When Lean and Waitt dissolved the partnership in 1858 upon their return to Cornwall, Waters took over, becoming the most prominent merchant in Copiapů. For many years he was the largest exporter of copper ore from Chile to Britain, his mines alone enabling him to ship 800 tons of copper ore monthly, averaging 25 per cent produce. Most of the revenue he derived came from the famous Descubridora and San Pedro Mines near Tres Puntas in which he employed many Cornishmen. Widely respected by Cornish and Chileans alike, the Chilean government appointed him to be the principal arbitrator in connection with their entire mineral property, at that time the only foreigner ever to have been entrusted with this office.
Estimated to have been two or three times a millionaire, Don Sampson as he was known, returned to Cornwall with his fortune in 1860 leaving his only son John in charge of his business interests there. He purchased a residence near his childhood home at Whitehall and in 1863 bought Gyllyngdune Mansion and estate at Falmouth for the princely sum of £10,000. He became a key investor in many Cornish enterprises. It was due to the efforts of Waters that Wheal Rose was set to work as he held 1,400 out of 2,000 shares in this mine. He was also one of the largest shareholders in Dolcoath and many other local mines, as well as being the principal proprietor in the Redruth Tin Smelting Company and the Cornwall Arsenic Works at Bissoe and Hayle and had an interest in a gunpowder works at Porthtowan. He also invested around £1,000 in the Falmouth Docks Company and was a shareholder in the Falmouth Hotel.
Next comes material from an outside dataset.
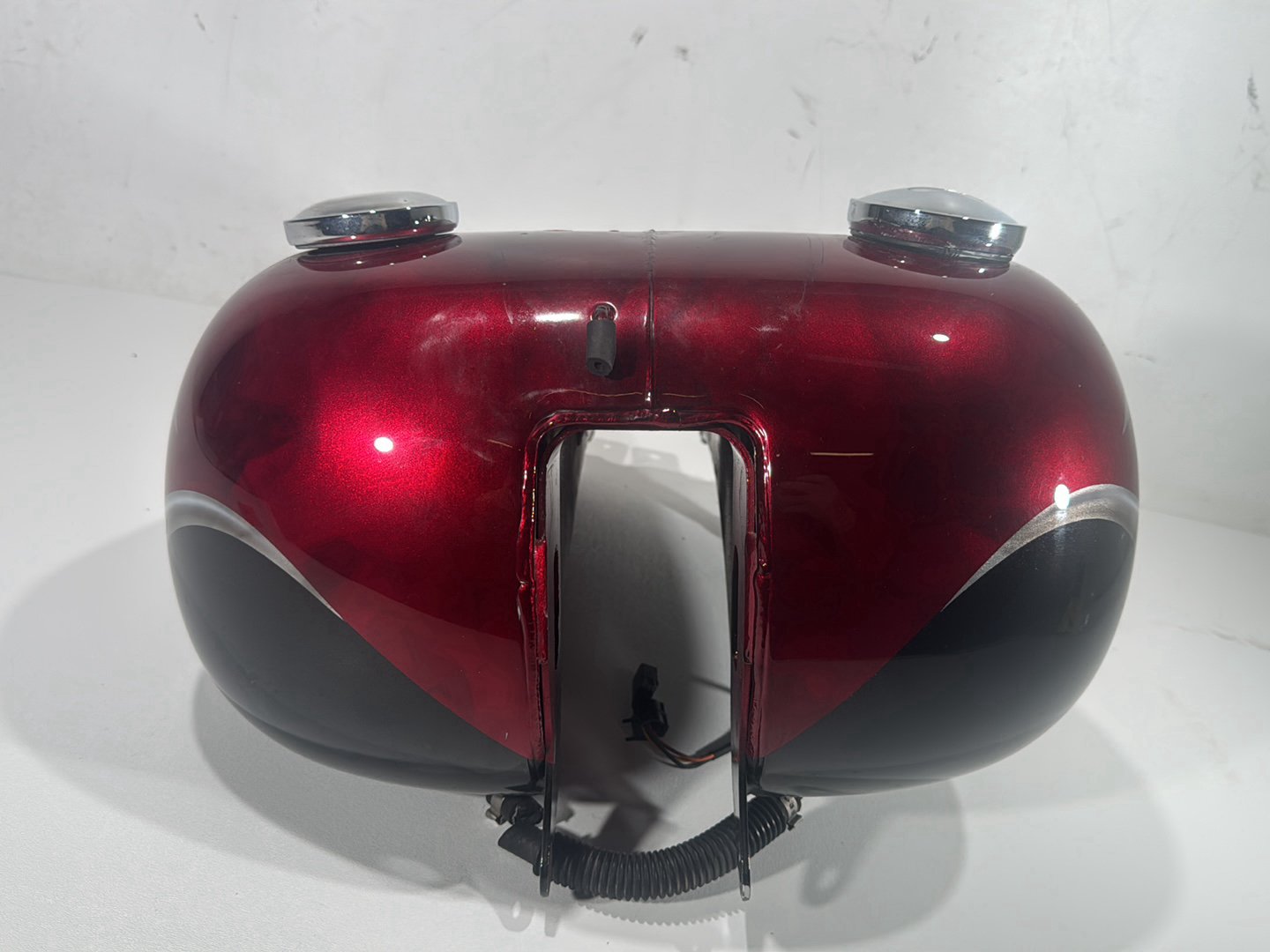 2004 Harley Softail FLSTC Heritage Classic OEM Fuel Gas Tank Gasoline Reservoir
Waters was twice married; his first wife, Peggy Trebilcock, whom he wed at Gwennap in 1826 and by whom he had a son and three daughters, died while he was in Chile. In 1861 he married Miss Tremayne. He was a devoted Wesleyan, giving large sums of money for chapel building and renovation and was appointed by the Lord Chancellor as a magistrate for Falmouth, an office his untimely death prevented him from carrying out. He died at Gyllyngdune on 9 November 1866 aged 61 and was buried in a granite vault at Falmouth Cemetery. His funeral, one of the largest ever witnessed in west Cornwall, was attended by many of the notable gentlemen, merchants and captains of the Cornish mining industry.